Und Sommer tritt die Flucht nach vorne an: So nannte er in einem Zeitungsinterview die T-Aktie unlängst ein "Schnäppchen". Die Telekom sei gut aufgestellt, das Ergebnis vor Zinsen, Steuern und Abschreibungen (EBITDA) zeige nach oben. Den umstrittenen Zukauf des US-Mobilfunkbetreibers VoiceStream sieht der Vorstand inzwischen als eine Perle des Konzern. In der T-Mobile-Gruppe wächst die US-Tochter derzeit am stärksten.

Doch zunächst zählt nur, was unter dem Strich steht: So erwirtschaftete die Telekom 2001 mit 3,5 Milliarden Euro erstmals tiefrote Zahlen. Für das laufende Geschäftsjahr malt Finanzchef Karl-Gerhard Eick ein noch düsteres Bild an die Wand: Auf 5,5 Milliarden Euro sollen sich die Verluste bis zum Jahresende auftürmen. Abschreibungen auf Firmenwerte und UMTS-Lizenzen und Zinsen fressen einen großen Teil der Ergebnisse.

Und so hat der Abbau der Schulden (67 Milliarden Euro) oberste Priorität. Allein für Zinsen musste der Konzern im vergangenen Jahr 4,7 Milliarden Euro berappen. Unter anderem durch den Verkauf von Immobilien, der restlichen TV-Kabelgesellschaften und den Börsengang von T-Mobile will das Team um Sommer die Mittel erlösen, um die drückende Schuldenlast zu reduzieren. Auf 50 Milliarden Euro sollen die Verbindlichkeiten bis Ende 2003 fallen. Aber sowohl der Zeitpunkt des Börsengangs wie auch die Abgabe des Kabelnetzes sind derzeit ungewiss.

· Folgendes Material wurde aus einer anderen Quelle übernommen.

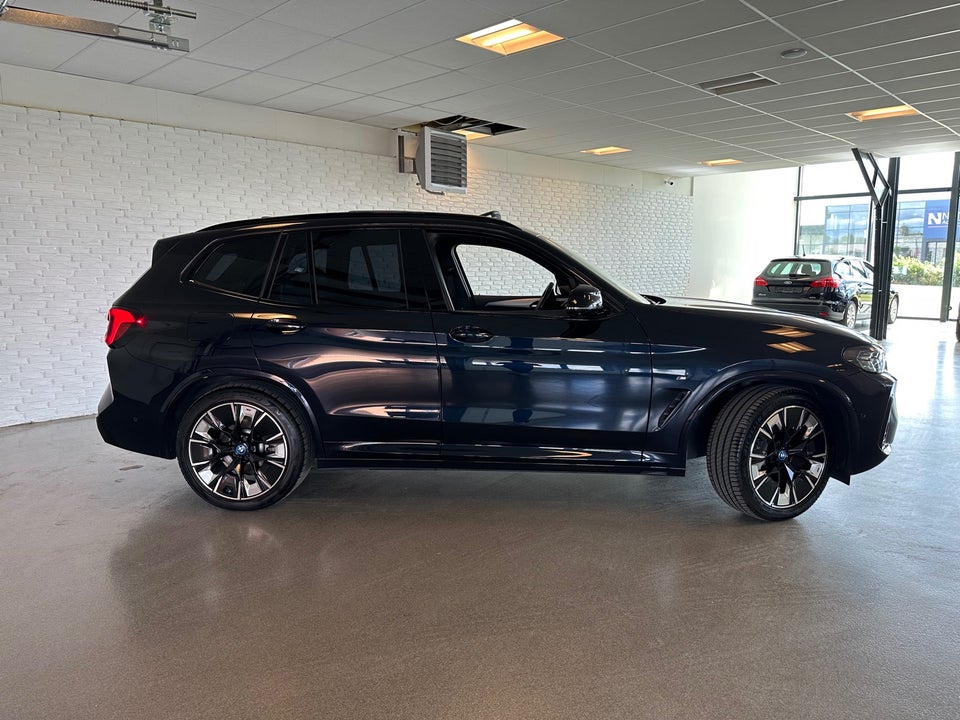 BMW iX3 Charged Plus M-Sport 5d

Nicht ausgeschlossen, dass Sommer bald wieder eine Erfolgsmeldung verbuchen kann: Angeblich verhandelt das Unternehmen für Rechte an Spielen der Fußball-Bundesliga. Noch äußert sich die Telekom zu diesem Thema nicht. Vorsorglich sollen die Anteilseigner auf der Hauptversammlung aber schon einmal die Ausweitung des Geschäftszwecks absegnen, nämlich ein stärkeres Engagement der Telekom im Bereich Internet, Unterhaltung und Multimedia.